The units digit of $1!+2!+3!+4!!+5!!+\dots+k\underset{\left \lfloor \sqrt{k} \right \rfloor \text{ times}}{\underbrace{!!!\dots!}}$

For natural numbers $n\ge m$, let $n\underset{m \text{ times}}{\underbrace{!!!\dots!}}=n(n-m)(n-2m)(n-3m)\dots$ where all factors are natural numbers (we exclude $0$ and negative factors).

Question:

What is the units digit of $1!+2!+3!+4!!+5!!+\dots+k\underset{\left \lfloor \sqrt{k} \right \rfloor \text{ times}}{\underbrace{!!!\dots!}}+\dots+1992\underset{44 \text{ times}}{\underbrace{!!!\dots!}}$? ($\left \lfloor \cdot \right \rfloor$ denotes the floor funtion).
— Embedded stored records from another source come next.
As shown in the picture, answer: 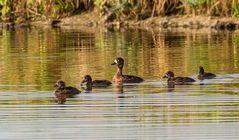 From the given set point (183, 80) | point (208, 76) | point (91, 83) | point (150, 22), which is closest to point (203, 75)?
point (208, 76)

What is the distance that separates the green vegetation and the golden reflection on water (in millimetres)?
2269

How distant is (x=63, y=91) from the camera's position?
19453 millimetres

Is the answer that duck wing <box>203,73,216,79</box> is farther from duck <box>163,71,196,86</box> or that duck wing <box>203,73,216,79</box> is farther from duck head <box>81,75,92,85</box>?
duck head <box>81,75,92,85</box>

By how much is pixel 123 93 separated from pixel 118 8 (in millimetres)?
22808

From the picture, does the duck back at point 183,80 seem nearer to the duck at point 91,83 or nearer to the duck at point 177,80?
the duck at point 177,80

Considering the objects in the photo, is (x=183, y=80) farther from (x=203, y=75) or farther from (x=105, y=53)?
(x=105, y=53)

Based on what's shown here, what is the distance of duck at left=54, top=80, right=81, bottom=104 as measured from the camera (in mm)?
19388

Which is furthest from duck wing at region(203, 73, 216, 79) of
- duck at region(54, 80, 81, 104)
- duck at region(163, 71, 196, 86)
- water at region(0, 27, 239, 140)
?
duck at region(54, 80, 81, 104)

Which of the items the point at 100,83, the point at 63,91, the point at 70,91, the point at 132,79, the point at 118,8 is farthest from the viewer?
the point at 118,8

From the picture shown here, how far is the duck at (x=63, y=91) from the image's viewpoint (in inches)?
763

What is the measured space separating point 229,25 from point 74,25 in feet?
23.5

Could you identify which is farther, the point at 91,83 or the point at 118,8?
the point at 118,8

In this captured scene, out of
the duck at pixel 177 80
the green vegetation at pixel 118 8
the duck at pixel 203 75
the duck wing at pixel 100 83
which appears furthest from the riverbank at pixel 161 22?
the duck wing at pixel 100 83

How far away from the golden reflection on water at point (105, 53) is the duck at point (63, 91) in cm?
77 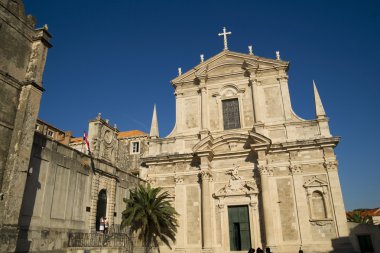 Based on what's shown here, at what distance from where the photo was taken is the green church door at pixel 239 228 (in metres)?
18.9

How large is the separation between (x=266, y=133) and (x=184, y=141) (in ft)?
19.1

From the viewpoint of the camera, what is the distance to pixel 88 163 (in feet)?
55.0

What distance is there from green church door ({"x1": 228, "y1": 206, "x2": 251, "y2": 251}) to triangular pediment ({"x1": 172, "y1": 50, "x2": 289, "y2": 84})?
9.89 metres

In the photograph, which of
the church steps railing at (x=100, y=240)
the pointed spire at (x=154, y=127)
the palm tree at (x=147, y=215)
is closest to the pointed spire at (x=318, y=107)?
the palm tree at (x=147, y=215)

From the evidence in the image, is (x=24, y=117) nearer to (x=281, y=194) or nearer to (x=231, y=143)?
(x=231, y=143)

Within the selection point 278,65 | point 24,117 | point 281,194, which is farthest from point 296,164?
point 24,117

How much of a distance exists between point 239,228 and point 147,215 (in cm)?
594

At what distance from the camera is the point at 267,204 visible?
1822 centimetres

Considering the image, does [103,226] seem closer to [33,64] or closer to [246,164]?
[33,64]

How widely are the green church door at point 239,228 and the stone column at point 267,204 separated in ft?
5.24

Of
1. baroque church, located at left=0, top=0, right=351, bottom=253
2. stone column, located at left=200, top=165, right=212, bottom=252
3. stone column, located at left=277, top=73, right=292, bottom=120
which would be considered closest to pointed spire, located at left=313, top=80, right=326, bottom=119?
baroque church, located at left=0, top=0, right=351, bottom=253

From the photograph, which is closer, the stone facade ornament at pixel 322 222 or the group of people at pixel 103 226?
the group of people at pixel 103 226

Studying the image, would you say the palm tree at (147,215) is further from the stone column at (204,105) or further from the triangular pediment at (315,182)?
the triangular pediment at (315,182)

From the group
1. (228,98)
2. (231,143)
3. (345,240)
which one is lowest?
(345,240) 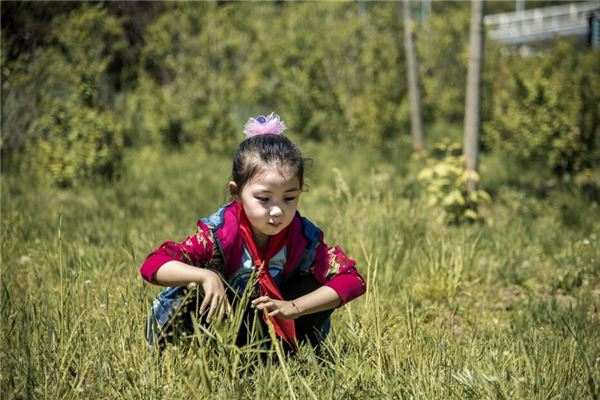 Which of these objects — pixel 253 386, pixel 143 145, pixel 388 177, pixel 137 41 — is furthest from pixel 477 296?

My Attempt (Is wrong as Peter Foreman commented below):

Consider the first $9$ terms:

$1!+2!+3!+4!!+5!!+6!!+7!!+8!!+9!!!$

$=1+2+6+8+15+48+105+384+162=731$

Each of the remaining terms includes at least on factor that ends with $0$. Therefore, the each term ends with $0$.

Hence the units digit of the given expression is equal to the units digit of the sum of the first $9$ terms. So, $1$ is the units digit of the given expression.

Peter Foreman said: "$17!!!!=9945$". This showed me that my attempt is wrong. Thanks Peter Foreman.

Any help would be appreciated. THANKS.

Solution 1:

When $k \geq 25$ and the floor part $p$ of $k^{0.5}$ is coprime with $10$, the unit digit of $k’=k! \ldots !$ is $0$ (there is an even number in $k,k-p$ and one divisible by $5$ in $k!!!!!$).

When $k \geq 25$ and $p \wedge 10=2$, there is going to be a number divisible by $5$ in $k,k-p,k-2p,k-3p,k-4p$, and $k’$ is divisible by $5$ and congruent to $k$ mod $2$, so the unit digit of $k’$ is $5$ if $k$ is odd and $0$ if $k$ is even.

When $k \geq 25$ and $p \wedge 10=5$, then $k(k-p)$ is even, so $k’$ is even. The congruence mod $5$ is trickier: $k’$ is congruent to $k^r$ mod $5$, where $r$ is the number of factors in he product (ie $r-1$ is the floor part of $(k-1)/p$, so $r$ is either $p$, $p+1$ or $p+2$).

When $10 | p$, as above, $k’$ is congruent to $k^r$ mod $10$.

Note that everything depends only on the unit digit of $k$, $p$ and $r$: when $p$ is set, and $p \wedge 10=2$, the sum of any four $k’$ corresponding to consecutive $k \geq 25$ vanishes mod $10$.

When $p,r$ are set and $p \wedge 10=5$, the sum of any five $k’$ corresponding to consecutive $k \geq 25$ is always divisible by $10$.

When $p,r$ are set and $p \wedge 10=10$, the sum of any ten $k’$ corresponding to consecutive $k \geq 100$ is congruent to $3$ mod $10$ if $4|r$ and $5$ mod $10$ otherwise.

So all we need now is time for processing all integers from $1$ to $1992$.